Friday, March 1, 2013

Instant Karma's Gonna Sequester Ya

I have a friend of a friend. Let's call her Jenny. Jenny is a school teacher, who has worked in a district without a contract for the last two plus years.  Jenny is a Republican, both in an economic and religious sense of the word. And a union member. So right away, the cognitive dissonance she has to use to get through the day leads her to the more than occasional migraine.

 If you put two people that make the same amount of money in the same room, one a Republican, and one a Democrat, odds are very good you'll be able to unearth that one understands that their actions, for better or for worse, impact those of others, and so they should use the spirit of cooperation to help build the infrastructure of support to help the less fortunate and others around them, and that they understand that without the hard work and sacrifices made by those before them, some of whom earned more, some of whom earned less, they wouldn't be where they are, and that the other feels that people are trying to steal from them or are free riders. You can sort out who ideologically falls on which side of the aisle.

I tried to politely engage Jenny once on the subject of what Planned Parenthood means to women's health for rural residents. That turned out to be a mistake, as that conversation quickly turned into nonsensical vitriol on lobbyists and abortion, facts be damned. I mean, why should a woman who lives in a rural area care about the reproductive health of other women who live in rural areas, right?

On the subject of the cognitive dissonance it takes to be a Republican union member, through this article we come across this gem of a quote, uttered by someone so utterly confused it will make your head hurt, just so you're warned (sourced from here):

In the smoky bar, ideological lines get blurred. Somers is a union guy but not an Obama fan. He wants cash to keep flowing to the large military contractor that employs him, but he opposed the auto bailout. He needs Washington but feels manipulated by it.
“They spend our money like a drunk sailor. . . . ‘We’ll give you a little bit of something, a little piece of cheese.’ Dangle that cheese.

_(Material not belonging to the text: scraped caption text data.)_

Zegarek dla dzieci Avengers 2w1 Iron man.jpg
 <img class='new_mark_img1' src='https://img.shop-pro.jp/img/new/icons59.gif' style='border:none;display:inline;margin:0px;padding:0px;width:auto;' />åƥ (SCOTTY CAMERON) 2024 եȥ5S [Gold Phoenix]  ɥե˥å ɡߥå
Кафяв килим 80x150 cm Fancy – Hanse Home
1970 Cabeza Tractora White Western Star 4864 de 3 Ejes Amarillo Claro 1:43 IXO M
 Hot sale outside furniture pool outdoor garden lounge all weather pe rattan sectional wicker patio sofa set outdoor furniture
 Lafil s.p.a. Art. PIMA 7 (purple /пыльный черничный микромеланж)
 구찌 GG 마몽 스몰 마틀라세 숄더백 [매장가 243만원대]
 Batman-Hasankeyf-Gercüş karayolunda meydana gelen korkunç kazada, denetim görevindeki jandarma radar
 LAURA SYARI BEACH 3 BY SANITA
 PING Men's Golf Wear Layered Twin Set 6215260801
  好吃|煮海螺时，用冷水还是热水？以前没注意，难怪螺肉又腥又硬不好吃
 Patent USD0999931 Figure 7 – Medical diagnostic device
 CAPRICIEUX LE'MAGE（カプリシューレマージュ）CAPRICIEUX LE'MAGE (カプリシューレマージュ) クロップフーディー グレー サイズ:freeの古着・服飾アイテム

We’re pawns, that’s what we are,” he said.
But Somers has four kids and ultimately, he said: “I’m willing to accept anything to turn the country around. If it takes me getting laid off, so be it.”
At least this guy is willing to put his money, and his kids health and well being, apparently, where his mouth is, I'll give him that much. But this idea that "I'm essential, but you aren't", (better expressed as 'I should get mine and Fuck You') this idea that the pie is limited and we have to fight with each other over the scraps, autoworkers versus shipbuilders, and that people like the person above should hate themselves for being on the government teat, even though they earn the same living essentially the same way as an autoworker does (only, it should be noted, for higher pay and with better benefits), and that they should then wish ill upon others, is utterly asinine.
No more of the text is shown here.